A Los Angeles police officer points his weapon to demonstrators in a tree as officers dismantle the Occupy LA encampment outside City Hall in Los Angeles November 30, 2011. (AFP Photo / Lucy Nicholson)
LA police used nearly a dozen undercover detectives to infiltrate the Occupy LA encampment in the weeks before Wednesday's raid to learn about plans of resistance and the location of any weapons that might be used against police.

An official, speaking on condition of anonymity, said none of the officers slept at the camp, but blended in with the protesters during the day. The undercover work yielded information that some protesters were preparing bamboo spears and other potentially dangerous weapons in preparation for an expected eviction by the LAPD.

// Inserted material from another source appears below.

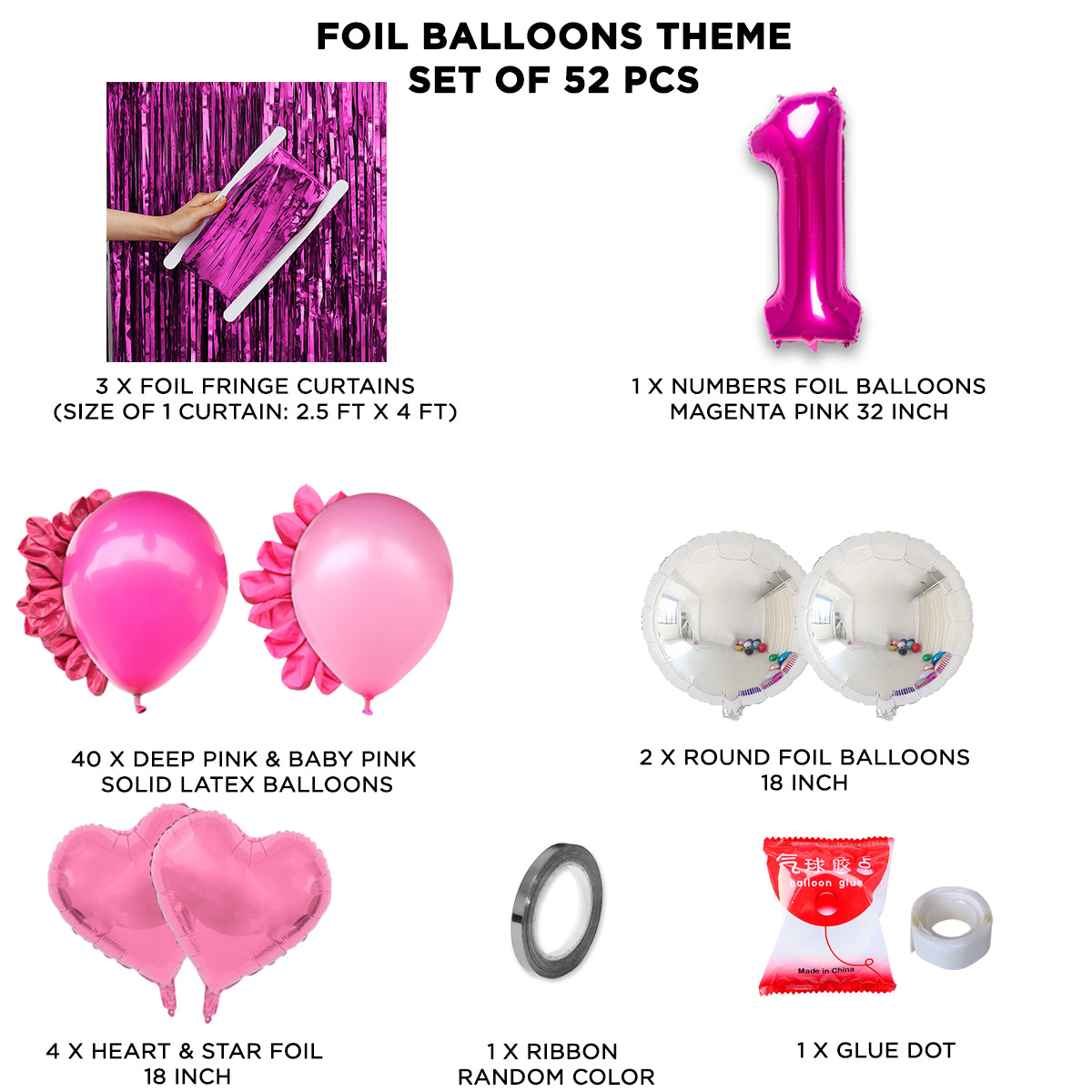 First Birthday Foil Balloon Theme With Curtain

Police have been using different techniques to disperse the Occupy Movement protesters all over the US. Some of the most violent include brutal dispersals, with tear gas, sound cannons (LRAD) and pepper spray used against peaceful protesters. Although undercover detectives are something of a novelty, the demonstrators have not been surprised by the revelation, calling it a "tantamount to 1950s McCarthyism," as cited by the City News Service.

Nearly 300 people were arrested Wednesday during the pre-dawn raid as 1,400 police officers, some in riot gear, moved in to dismantle the Occupy LA City Hall Camp.

The police stepped in after about half of some 500 tents remained in Los Angles after the Monday morning eviction deadline for the weeks-old encampment – one of the largest still remaining in the country. Officers in helmets and wielding batons and guns with rubber bullets converged on the park from all directions with military precision and began making arrests after several orders were given to for the protesters to leave.

In all, 46 of the 291 people arrested during the raid have been charged with misdemeanor crimes of failure to disperse from an unlawful assembly. Some also were charged with resisting arrest.Fifty-eight posted bail or have been released by police, an additional 187 protesters were released without bail and without being charged, as they had no prior criminal records.

Los Angeles Police Chief Charlie Beck praised the officers and the protesters for their restraint and the peaceful way the eviction was carried out.

Meanwhile, police officials are downplaying the significance of the undercover work, saying Occupy meetings were public and information about their plans was easily attainable.

The movement against economic disparity and perceived corporate greed began with Occupy Wall Street in Manhattan two months ago, and police have removed Occupy demonstrators in other cities, such as Boston, Seattle, Philadelphia, Oakland, Portland, Tampa and Washington DC.